Meadow Lane Farms, on the south side of Walnut Street between 22nd and Mill streets, will include 270 single-family homes in five phases. DeSouza Brown, based in Bala Cynwyd, is the developer.

Specs on the Meadow Lane Farms property in North Cornwall Township.

Company Owner Mark DeSouza told LebTown that geotechnical studies are currently being performed. Trees also are being removed to widen the road, which is being done as a safety measure, he said.

In addition, many of the old English walnut trees were in “very, very bad condition,” DeSouza said.

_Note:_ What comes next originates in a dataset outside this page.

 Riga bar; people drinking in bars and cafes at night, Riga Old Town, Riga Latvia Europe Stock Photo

Lebanon County Commissioner Jo Ellen Litz in July wrote a Facebook post talking about the trees’ significance to the community and the environment. She told LebTown that the post generated a lot of buzz.

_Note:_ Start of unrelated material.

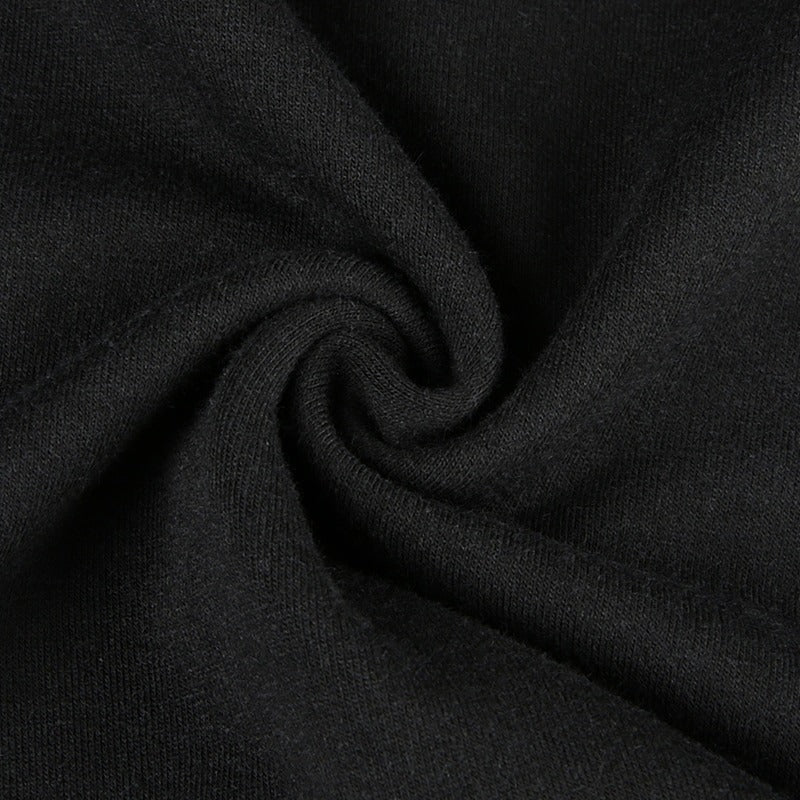 Close-up of black cotton fabric, showcasing softness and texture for gothic-style cropped top.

“I never expected so many people to comment,” she said.

On Facebook, Litz wrote in part: “Many of us ‘mourn’ the loss of the line of about 75 mature walnut trees on 22nd St. in North Cornwall Twp.”

The site of the downed 75 walnut trees on 22nd St. (Joshua Groh)
Another shot of the trees. (Joshua Groh)
The loss of the trees had a widespread impact on the Lebanon community. (Joshua Groh)

“Many of the planters of the trees from world wars are now deceased,” Litz wrote. “The proportionally spaced single line of trees lining roads in Lebanon County are … an indication that they may have been part of the tree planting program honoring soldiers – either formally or informally – after a world war or other war. Not everyone had a plaque made documenting their participation.

“I do think of the trees standing in a row that were on both 22nd St. and Rte. 422 as ‘soldier trees’ every time that I see or saw them. While property rights are guaranteed, raising awareness is one way to help educate, and hopefully stop the cutting of healthy, mature trees. Unless there’s a township ordinance, I don’t think preservation can be mandated.”

The intersection at 22nd St. and Walnut St. (Joshua Groh)

North Cornwall Township Manager Tom Long told LebTown that the municipality was getting complaints because tree branches were falling on and damaging parked vehicles. They caused power outages, too, he said.

The trees “probably would have been removed at some point” anyway, Long said.

Meadow Lane Farms also will feature plenty of green space to plant more trees, he said.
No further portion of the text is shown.